João Amaro, from Fundibronze, talks about the craft of bronze work and the challenges he currently faces.
How did your relationship with bronze first start?
Fundibronze is a family business, I am the second generation, together with my brother. Managing the company was actually never part of my plan, it just happened. If it weren’t for the family influence, I think I would have been an architect, a designer or a sculptor – something in that vein. I’m drawn to the creative process, and to making things. I love to explore different possibilities.
Why did you embrace this collaboration with Made in Situ?
I like challenges! I’ve always liked design and sculpture, as I said, and I thought the project was very interesting. I liked the pieces and the people. Also, I knew we had the know-how to do it.
We have worked on many different projects over the years.
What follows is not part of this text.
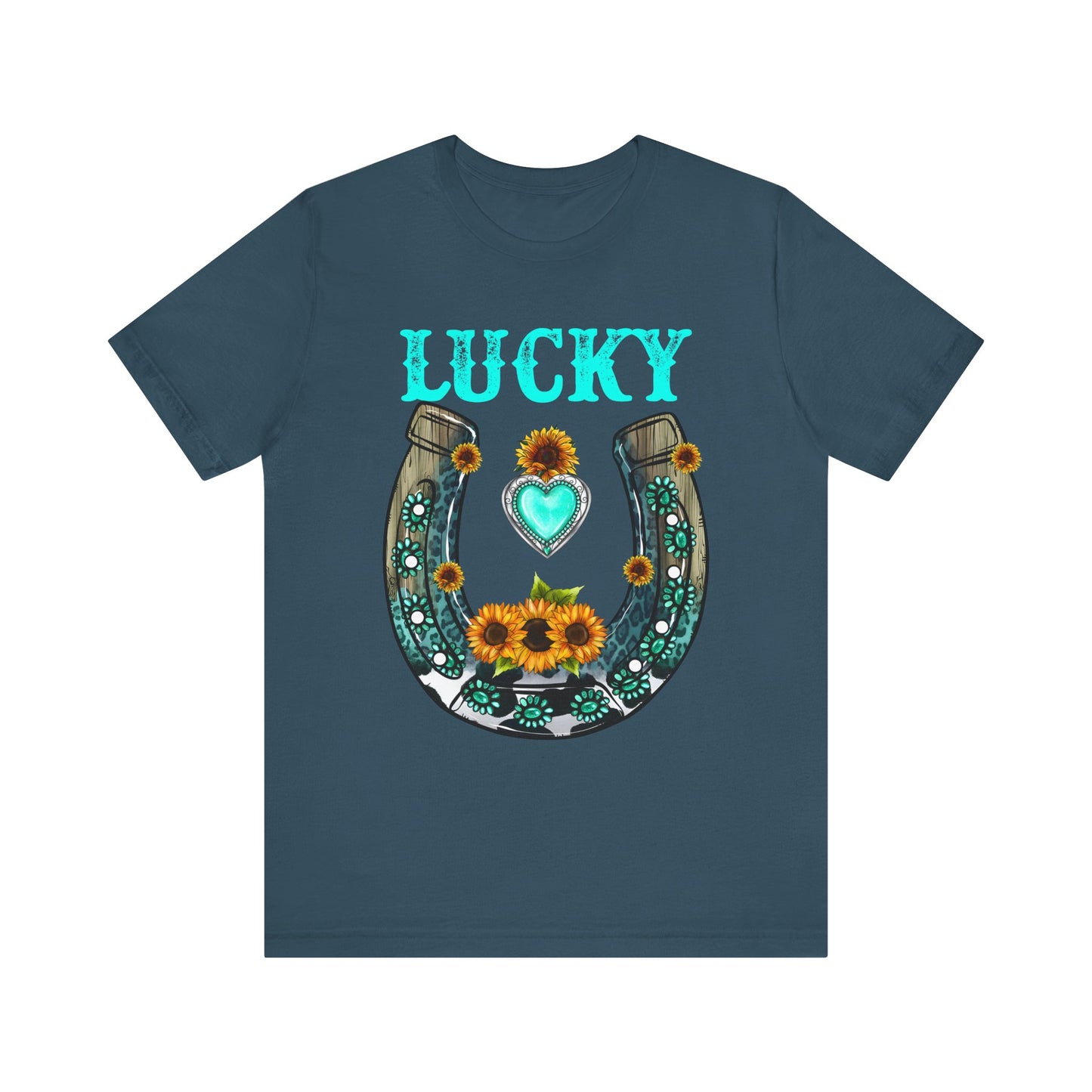 Horse Shoe Lucky Shirt – Western Turquoise Gemstone Texas Sunflowers Tee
Traditionally, we have always been linked to the maritime industry, and today it represents the majority of our business, around 80 per cent. But back in the ’90s it wasn’t so: for a period we diversified our production, and our work for the maritime industry was half of what it is now. We did all kinds of things, small and large pieces alike.
The truth is we don’t have the big advantage of repeating pieces to exhaustion. The sand moulds we use to create the pieces can be used only once – the sand gets burned in contact with the liquid bronze, it’s impossible to reuse it.
The only gain we have with scale is a logistical advantage, the craftsmen know what to expect with each piece, to the extent that this is possible with bronze casting, which is a process prone to surprises. But this is not significant in the overall production cost.
So we have always been open to producing different things, though now it is more difficult, considering how much the market has changed.